[Source data]
Content starts
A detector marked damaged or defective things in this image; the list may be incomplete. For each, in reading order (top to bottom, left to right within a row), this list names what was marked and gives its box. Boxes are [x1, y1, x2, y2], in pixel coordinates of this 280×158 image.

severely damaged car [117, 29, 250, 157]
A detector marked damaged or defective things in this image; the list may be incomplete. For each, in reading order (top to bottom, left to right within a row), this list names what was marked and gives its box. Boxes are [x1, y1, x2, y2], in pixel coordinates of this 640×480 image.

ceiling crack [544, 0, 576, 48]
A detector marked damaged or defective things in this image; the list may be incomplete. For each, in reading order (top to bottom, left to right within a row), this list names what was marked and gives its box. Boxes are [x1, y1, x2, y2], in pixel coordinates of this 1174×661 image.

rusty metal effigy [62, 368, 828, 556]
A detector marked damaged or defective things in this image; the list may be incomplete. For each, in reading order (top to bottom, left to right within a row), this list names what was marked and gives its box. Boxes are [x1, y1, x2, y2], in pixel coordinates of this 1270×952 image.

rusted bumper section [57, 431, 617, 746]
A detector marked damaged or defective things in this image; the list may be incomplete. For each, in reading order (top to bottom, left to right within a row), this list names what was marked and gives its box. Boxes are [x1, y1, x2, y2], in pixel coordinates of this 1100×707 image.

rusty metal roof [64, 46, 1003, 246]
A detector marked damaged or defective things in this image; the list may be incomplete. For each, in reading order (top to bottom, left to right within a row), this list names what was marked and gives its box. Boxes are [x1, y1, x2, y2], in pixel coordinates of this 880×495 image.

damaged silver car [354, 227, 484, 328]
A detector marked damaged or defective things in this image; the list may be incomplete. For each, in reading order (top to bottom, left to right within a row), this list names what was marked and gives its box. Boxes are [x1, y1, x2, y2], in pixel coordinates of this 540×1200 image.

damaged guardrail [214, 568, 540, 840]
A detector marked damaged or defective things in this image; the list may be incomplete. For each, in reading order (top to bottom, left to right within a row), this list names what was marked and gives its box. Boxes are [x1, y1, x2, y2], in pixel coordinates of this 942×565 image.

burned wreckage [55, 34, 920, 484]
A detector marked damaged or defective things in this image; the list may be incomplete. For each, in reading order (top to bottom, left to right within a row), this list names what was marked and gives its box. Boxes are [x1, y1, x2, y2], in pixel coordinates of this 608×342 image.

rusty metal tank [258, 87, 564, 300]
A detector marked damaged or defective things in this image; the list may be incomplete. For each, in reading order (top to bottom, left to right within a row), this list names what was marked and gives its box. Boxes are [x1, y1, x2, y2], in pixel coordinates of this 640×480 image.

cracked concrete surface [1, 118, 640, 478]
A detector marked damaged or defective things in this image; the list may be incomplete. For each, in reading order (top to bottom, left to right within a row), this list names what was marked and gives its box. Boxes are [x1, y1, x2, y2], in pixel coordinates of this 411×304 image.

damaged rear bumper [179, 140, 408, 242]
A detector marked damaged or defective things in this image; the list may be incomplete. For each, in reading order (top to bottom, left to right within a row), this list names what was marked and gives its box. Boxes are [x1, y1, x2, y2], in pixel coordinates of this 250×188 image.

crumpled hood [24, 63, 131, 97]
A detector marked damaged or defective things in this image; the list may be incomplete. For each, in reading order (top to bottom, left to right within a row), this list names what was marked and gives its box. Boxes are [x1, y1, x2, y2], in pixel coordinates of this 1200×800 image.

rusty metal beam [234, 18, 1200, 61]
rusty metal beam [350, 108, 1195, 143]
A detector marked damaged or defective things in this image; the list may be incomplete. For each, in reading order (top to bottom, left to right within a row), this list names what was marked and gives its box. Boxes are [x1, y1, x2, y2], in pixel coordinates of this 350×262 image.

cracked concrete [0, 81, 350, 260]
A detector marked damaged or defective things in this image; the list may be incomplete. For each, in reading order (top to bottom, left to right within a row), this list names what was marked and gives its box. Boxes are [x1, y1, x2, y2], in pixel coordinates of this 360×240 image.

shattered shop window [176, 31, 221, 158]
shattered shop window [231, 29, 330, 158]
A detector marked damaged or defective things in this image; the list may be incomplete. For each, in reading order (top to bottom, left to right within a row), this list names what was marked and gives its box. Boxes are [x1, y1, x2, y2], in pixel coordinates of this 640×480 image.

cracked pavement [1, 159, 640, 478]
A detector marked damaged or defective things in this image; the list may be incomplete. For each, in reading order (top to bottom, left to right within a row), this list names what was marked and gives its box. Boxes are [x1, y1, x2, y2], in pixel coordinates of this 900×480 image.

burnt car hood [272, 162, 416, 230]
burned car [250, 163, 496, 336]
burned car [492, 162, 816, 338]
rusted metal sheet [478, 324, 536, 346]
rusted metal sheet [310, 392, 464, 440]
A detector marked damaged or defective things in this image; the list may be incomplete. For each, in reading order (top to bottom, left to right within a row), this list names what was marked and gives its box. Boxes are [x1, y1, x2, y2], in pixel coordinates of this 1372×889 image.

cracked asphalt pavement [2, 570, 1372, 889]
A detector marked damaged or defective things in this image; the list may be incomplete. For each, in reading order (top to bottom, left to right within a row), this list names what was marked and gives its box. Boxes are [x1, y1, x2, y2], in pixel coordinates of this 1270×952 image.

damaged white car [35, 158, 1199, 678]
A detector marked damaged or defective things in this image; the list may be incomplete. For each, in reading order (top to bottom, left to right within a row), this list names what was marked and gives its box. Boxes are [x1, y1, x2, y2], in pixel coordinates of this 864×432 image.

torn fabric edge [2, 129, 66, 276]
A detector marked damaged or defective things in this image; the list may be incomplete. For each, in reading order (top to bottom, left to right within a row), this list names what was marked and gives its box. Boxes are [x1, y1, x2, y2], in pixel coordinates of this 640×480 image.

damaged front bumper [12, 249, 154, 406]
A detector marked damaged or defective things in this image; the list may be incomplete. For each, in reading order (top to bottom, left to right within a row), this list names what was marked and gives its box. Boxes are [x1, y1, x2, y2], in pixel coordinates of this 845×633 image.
Content ends
> [About this task]: Your task is to repeat the data exactly, with nothing left out.

> [Reply]:
A detector marked damaged or defective things in this image; the list may be incomplete. For each, in reading order (top to bottom, left to right within a row), this list names what was marked and gives its box. Boxes are [x1, y1, x2, y2], in pixel coordinates of this 280×158 image.

severely damaged car [117, 29, 250, 157]
A detector marked damaged or defective things in this image; the list may be incomplete. For each, in reading order (top to bottom, left to right within a row), this list names what was marked and gives its box. Boxes are [x1, y1, x2, y2], in pixel coordinates of this 640×480 image.

ceiling crack [544, 0, 576, 48]
A detector marked damaged or defective things in this image; the list may be incomplete. For each, in reading order (top to bottom, left to right within a row), this list names what was marked and gives its box. Boxes are [x1, y1, x2, y2], in pixel coordinates of this 1174×661 image.

rusty metal effigy [62, 368, 828, 556]
A detector marked damaged or defective things in this image; the list may be incomplete. For each, in reading order (top to bottom, left to right within a row), this list names what was marked and gives its box. Boxes are [x1, y1, x2, y2], in pixel coordinates of this 1270×952 image.

rusted bumper section [57, 431, 617, 746]
A detector marked damaged or defective things in this image; the list may be incomplete. For each, in reading order (top to bottom, left to right within a row), this list names what was marked and gives its box. Boxes are [x1, y1, x2, y2], in pixel coordinates of this 1100×707 image.

rusty metal roof [64, 46, 1003, 246]
A detector marked damaged or defective things in this image; the list may be incomplete. For each, in reading order (top to bottom, left to right within a row), this list names what was marked and gives its box. Boxes are [x1, y1, x2, y2], in pixel coordinates of this 880×495 image.

damaged silver car [354, 227, 484, 328]
A detector marked damaged or defective things in this image; the list may be incomplete. For each, in reading order (top to bottom, left to right within a row), this list names what was marked and gives its box. Boxes are [x1, y1, x2, y2], in pixel coordinates of this 540×1200 image.

damaged guardrail [214, 568, 540, 840]
A detector marked damaged or defective things in this image; the list may be incomplete. For each, in reading order (top to bottom, left to right within a row), this list names what was marked and gives its box. Boxes are [x1, y1, x2, y2], in pixel coordinates of this 942×565 image.

burned wreckage [55, 34, 920, 484]
A detector marked damaged or defective things in this image; the list may be incomplete. For each, in reading order (top to bottom, left to right within a row), this list names what was marked and gives its box. Boxes are [x1, y1, x2, y2], in pixel coordinates of this 608×342 image.

rusty metal tank [258, 87, 564, 300]
A detector marked damaged or defective things in this image; the list may be incomplete. For each, in reading order (top to bottom, left to right within a row), this list names what was marked and gives its box. Boxes are [x1, y1, x2, y2], in pixel coordinates of this 640×480 image.

cracked concrete surface [1, 118, 640, 478]
A detector marked damaged or defective things in this image; the list may be incomplete. For each, in reading order (top to bottom, left to right within a row), this list names what was marked and gives its box. Boxes are [x1, y1, x2, y2], in pixel coordinates of this 411×304 image.

damaged rear bumper [179, 140, 408, 242]
A detector marked damaged or defective things in this image; the list may be incomplete. For each, in reading order (top to bottom, left to right within a row), this list names what was marked and gives its box. Boxes are [x1, y1, x2, y2], in pixel coordinates of this 250×188 image.

crumpled hood [24, 63, 131, 97]
A detector marked damaged or defective things in this image; the list may be incomplete. For each, in reading order (top to bottom, left to right within a row), this list names what was marked and gives its box. Boxes are [x1, y1, x2, y2], in pixel coordinates of this 1200×800 image.

rusty metal beam [234, 18, 1200, 61]
rusty metal beam [350, 108, 1195, 143]
A detector marked damaged or defective things in this image; the list may be incomplete. For each, in reading order (top to bottom, left to right within a row), this list names what was marked and gives its box. Boxes are [x1, y1, x2, y2], in pixel coordinates of this 350×262 image.

cracked concrete [0, 81, 350, 260]
A detector marked damaged or defective things in this image; the list may be incomplete. For each, in reading order (top to bottom, left to right within a row), this list names what was marked and gives its box. Boxes are [x1, y1, x2, y2], in pixel coordinates of this 360×240 image.

shattered shop window [176, 31, 221, 158]
shattered shop window [231, 29, 330, 158]
A detector marked damaged or defective things in this image; the list may be incomplete. For each, in reading order (top to bottom, left to right within a row), this list names what was marked and gives its box. Boxes are [x1, y1, x2, y2], in pixel coordinates of this 640×480 image.

cracked pavement [1, 159, 640, 478]
A detector marked damaged or defective things in this image; the list may be incomplete. For each, in reading order (top to bottom, left to right within a row), this list names what was marked and gives its box. Boxes are [x1, y1, x2, y2], in pixel coordinates of this 900×480 image.

burnt car hood [272, 162, 416, 230]
burned car [250, 163, 496, 336]
burned car [492, 162, 816, 338]
rusted metal sheet [478, 324, 536, 346]
rusted metal sheet [310, 392, 464, 440]
A detector marked damaged or defective things in this image; the list may be incomplete. For each, in reading order (top to bottom, left to right within a row), this list names what was marked and gives its box. Boxes are [x1, y1, x2, y2], in pixel coordinates of this 1372×889 image.

cracked asphalt pavement [2, 570, 1372, 889]
A detector marked damaged or defective things in this image; the list may be incomplete. For each, in reading order (top to bottom, left to right within a row), this list names what was marked and gives its box. Boxes are [x1, y1, x2, y2], in pixel coordinates of this 1270×952 image.

damaged white car [35, 158, 1199, 678]
A detector marked damaged or defective things in this image; the list may be incomplete. For each, in reading order (top to bottom, left to right within a row), this list names what was marked and gives its box. Boxes are [x1, y1, x2, y2], in pixel coordinates of this 864×432 image.

torn fabric edge [2, 129, 66, 276]
A detector marked damaged or defective things in this image; the list may be incomplete. For each, in reading order (top to bottom, left to right within a row), this list names what was marked and gives its box. Boxes are [x1, y1, x2, y2], in pixel coordinates of this 640×480 image.

damaged front bumper [12, 249, 154, 406]
A detector marked damaged or defective things in this image; the list may be incomplete. For each, in reading order (top to bottom, left to right within a row), this list names what was marked and gives its box. Boxes are [x1, y1, x2, y2], in pixel coordinates of this 845×633 image.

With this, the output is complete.